TLDR: Tongyi DeepResearch is an open-source agentic large language model designed for complex, long-horizon information-seeking research tasks. It uses an end-to-end training framework combining agentic mid-training and post-training, powered by a scalable, automated data synthesis pipeline and customized environments. Equipped with tools like Search and Google Scholar, it achieves state-of-the-art performance on various deep research benchmarks, including a “Heavy Mode” for enhanced accuracy. The project aims to democratize agentic intelligence and evolve towards general-purpose AI agents.
A new era of artificial intelligence research is dawning with the introduction of Tongyi DeepResearch, an innovative open-source agentic large language model. Developed by the Tongyi DeepResearch Team, this model is specifically engineered to tackle complex, long-duration information-seeking tasks, aiming to significantly enhance human intellectual productivity.

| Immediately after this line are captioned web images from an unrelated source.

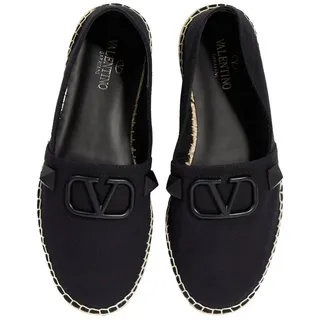 VALENTINO GARAVANI Herren Schuhe Canvas Loafers V-Logo Stud Slipper Espadrille Tonales V-Logo mit charakteristischen Stud schwarz 43 EU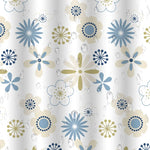 rideau douche fleuré moderne imperméable blanc lavable machine anneaux suspension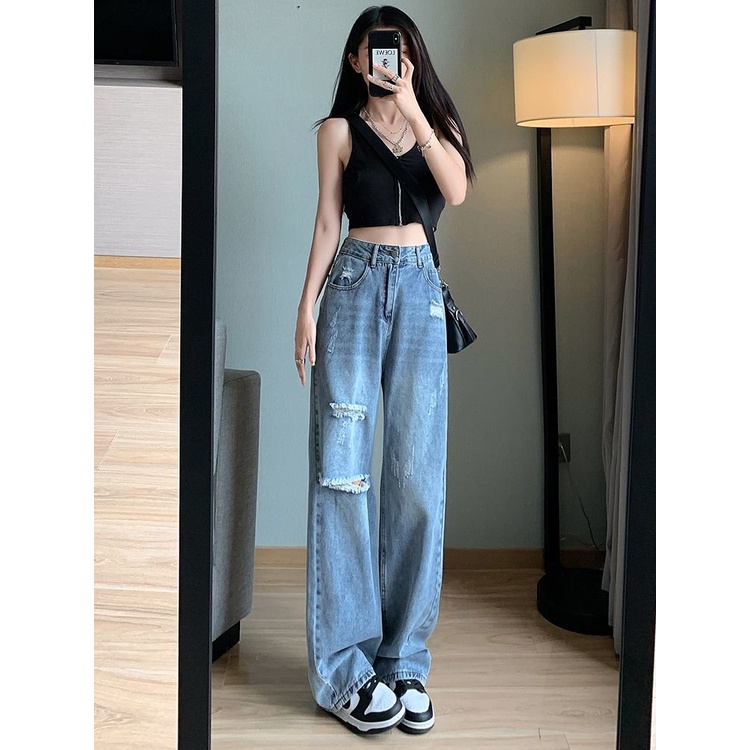 jeans import boyfriend celana wanita ripped highwaist panjang kekinian 2023 korean style ootd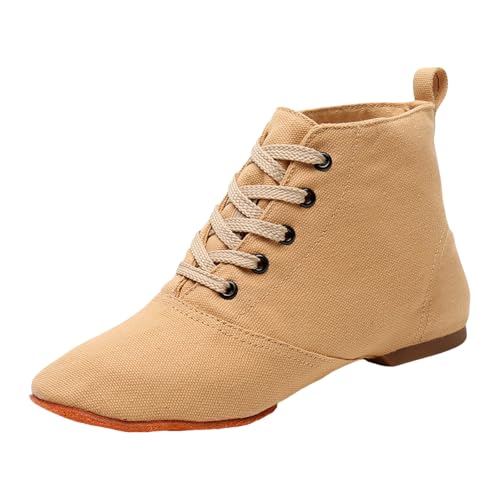 Damen Jazzschuhe Schnürschuhe atmungsaktiv für Frauen Weiche Sohle Tanzschuhe Ballerinas Flache Elegant Dirndlschuhe Weiche Sportlich Tanzschuhe für Sport Walking von Generisch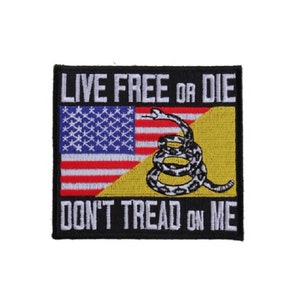 May include: Black embroidered patch with an American flag and a coiled snake with the text "Live Free or Die" and "Don't Tread on Me".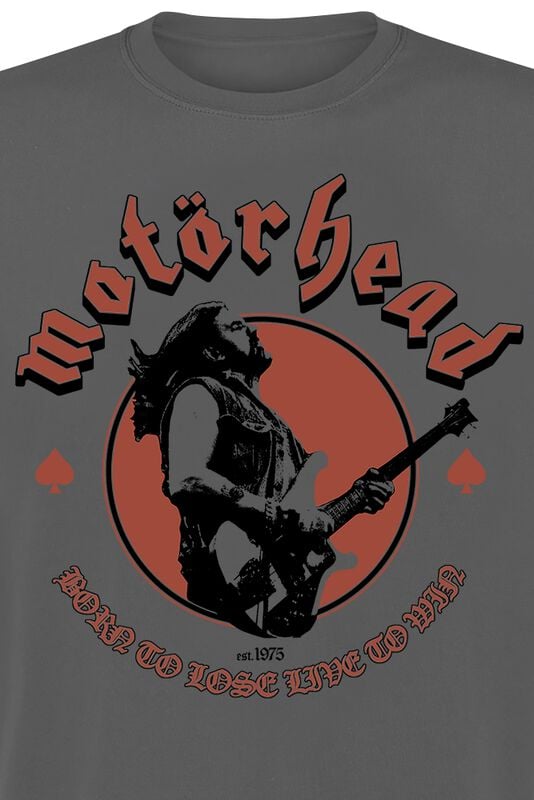 Gothicana By Emp "Young Lemmy Born To Lose" T-Shirt Charcoal By Motörhead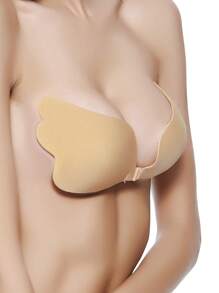 Mới đến Bio Solid Màu Backless Dính Hình Cánh Bra Pad - Màu be - Xem 1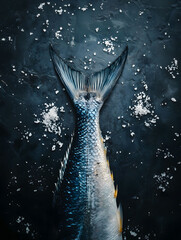 Minimalist Close-Up of a Mackerel Tail with Sea Salt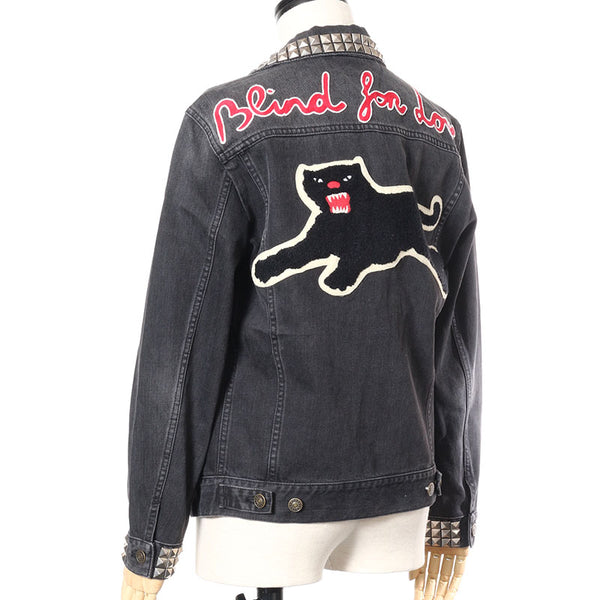 グッチ パンサー ブラック デニム デニムジャケット レディース GUCCI 【中古】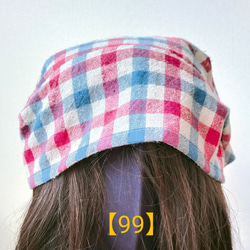 【99】一点物　医療帽子　ケア帽子　バンダナキャップ〈フレンチチェック&デニム〉#新作 2枚目の画像
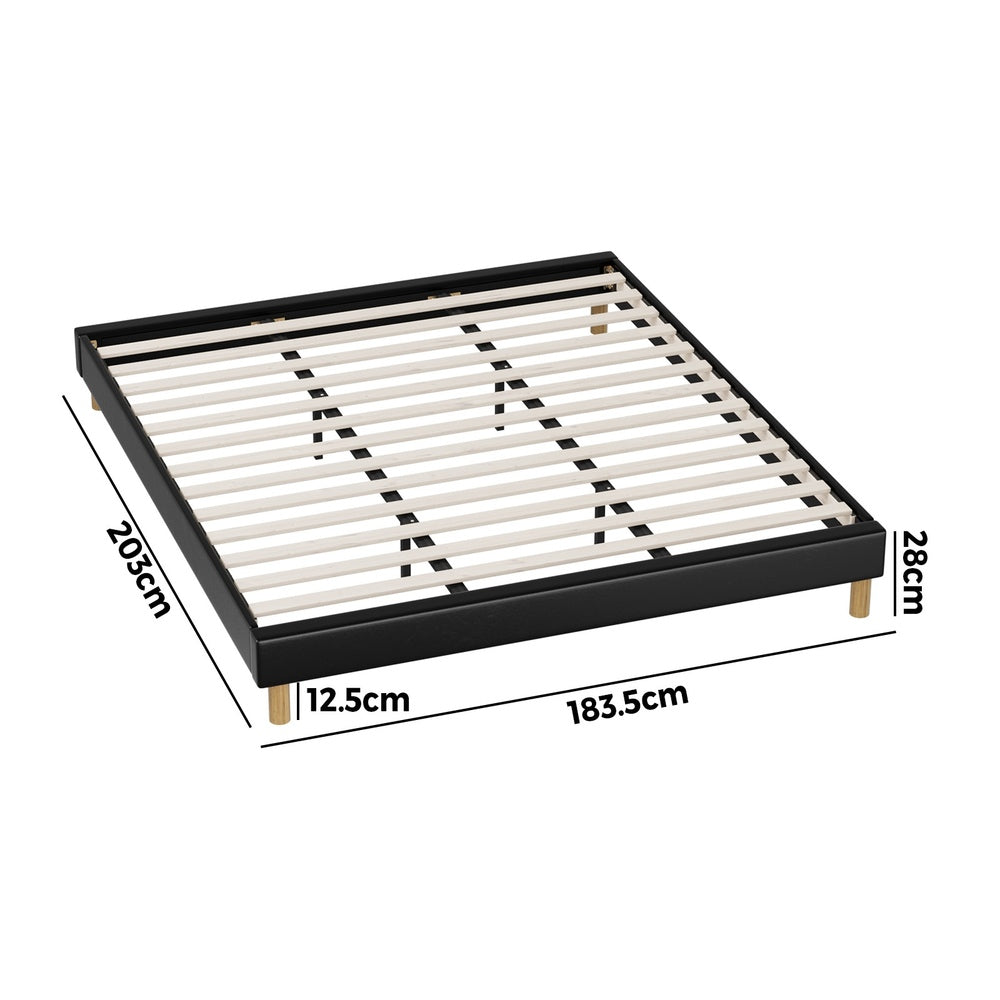 Oikiture Bed Frame King Size Bed Base Black Leather-Bed Frame-PEROZ Accessories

What is Tongyi DeepResearch?
Tongyi DeepResearch is an advanced AI agent designed to autonomously conduct multi-step reasoning and gather information from the internet for intricate research problems. Unlike many existing deep research systems that remain proprietary, Tongyi DeepResearch is open-source, making its framework and solutions accessible to the wider AI community. It boasts 30.5 billion total parameters, with a highly efficient activation of only 3.3 billion parameters per token.
How Does It Learn?
The model’s development is rooted in a unique, end-to-end training framework that combines “agentic mid-training” and “agentic post-training.” This approach allows the model to gradually develop from basic interaction skills to advanced autonomous research behaviors. Agentic mid-training provides the model with foundational agentic knowledge, bridging the gap between general pre-training and specialized agentic tasks. Agentic post-training further refines its capabilities through reinforcement learning, where the model interacts with environments and learns from reward signals based on the correctness of its answers.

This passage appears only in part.